How to get there: Do you own a yacht? You could boat there. But chances are you’ll drive. It takes about 90 minutes from the D.C. area, or the Baltimore airport, which was my starting point.

Fun fact: Good monikers make good marketing. Dye dubbed the closing three-hole stretch here the “Goodnight Kiss” — an experience meant to linger in your memory long after the final putt has dropped. It starts with a short par-4 that’s complicated by a prominent fairway bunker and breezes off the Chesapeake Bay; progresses to a Sawgrass-like island-green par-3; and wraps up with a water-laden beast of a par-4 that plays 487 yards from the back tees. Dye had a less printable nickname for this one. He called it his “F— You!” hole.

The 18th hole at the Links at Perry Cabin is no easy finisher. Good luck.
The 18th hole at the Links at Perry Cabin is no easy finisher. Good luck.
Courtesy Photo

Notable and favorite holes: The “Goodnight Kiss” lives up to billing. You don’t forget it. But I was partial to the par-5 14th hole, which has all the elements a Dye fan might expect. It’s a sharp dogleg right, with a long water hazard on the right, which itself is paralleled by a long bunker. You can reach this one in two, but the bold line requires you to risk rinsing your tee shot. And the approach to the green narrows through a daunting corridor, with water left and pot bunkers on the right.

I loved: The same thing that I’ve loved about so many Dye courses: the visual drama and deception. So many daunting looks that make you pause and doubt on your way to a decision until you finally realize that you’ve been given far more options than you noticed at first blush.

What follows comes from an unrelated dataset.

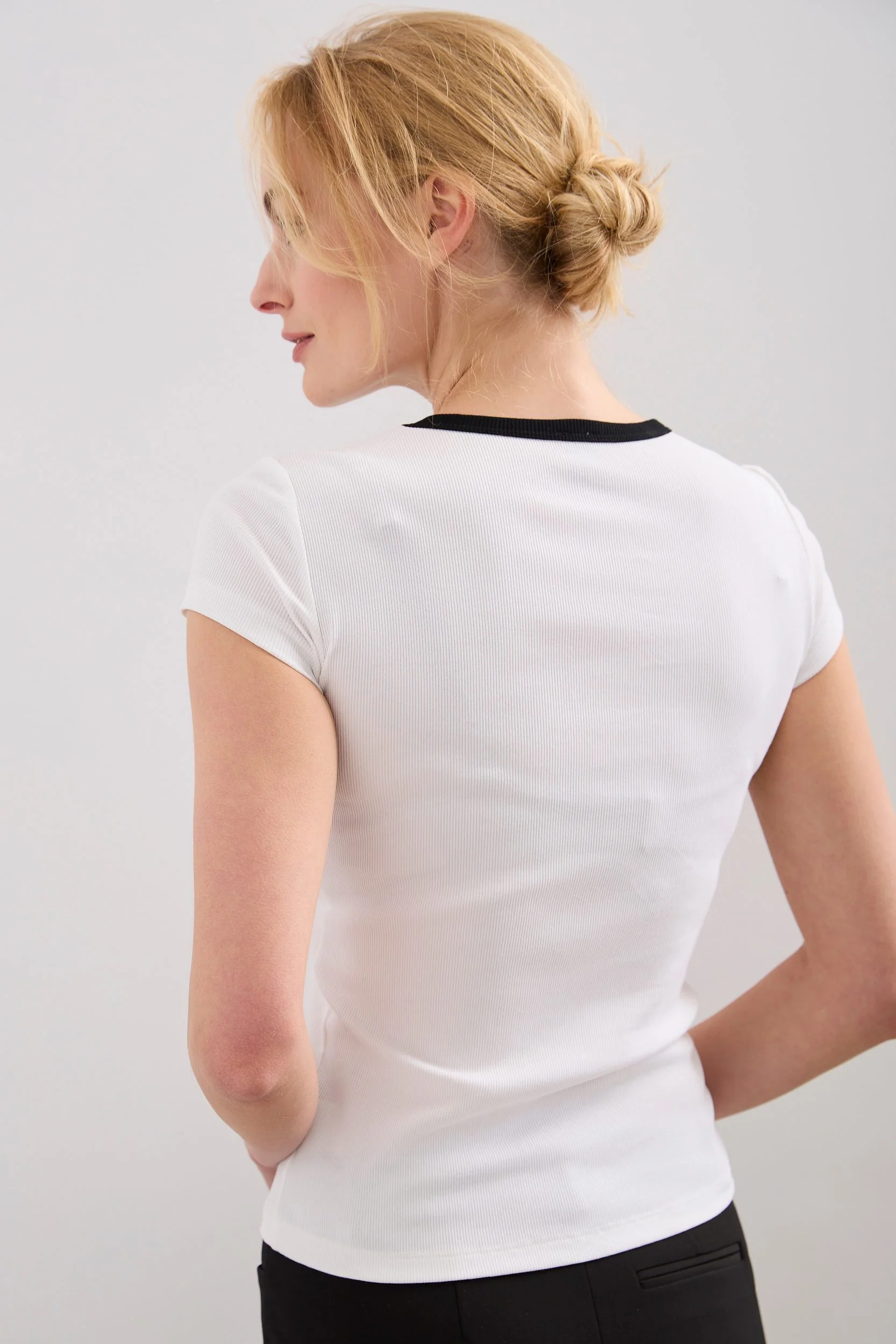 Ribbed t-shirt with crew neck - Image 8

The Links at Perry Cabin has plenty of classic risk-reward Pete Dye golf holes.
The Links at Perry Cabin has plenty of classic risk-reward Pete Dye golf holes.
Courtesy Photo

I didn’t love: Parts of the course run through a housing development, and while the homes don’t encroach, they do dislocate you from the nearby water, so you feel less of a connection to what are otherwise beautiful Chesapeake Bay surrounds.

Parting thought: Dye’s work seems to arouse strong feelings in both directions. I’ve always been a huge fan. If you’re similarly fond of the features he’s known for, you’ll find them here. Not cranked up to 11, but in clear evidence throughout.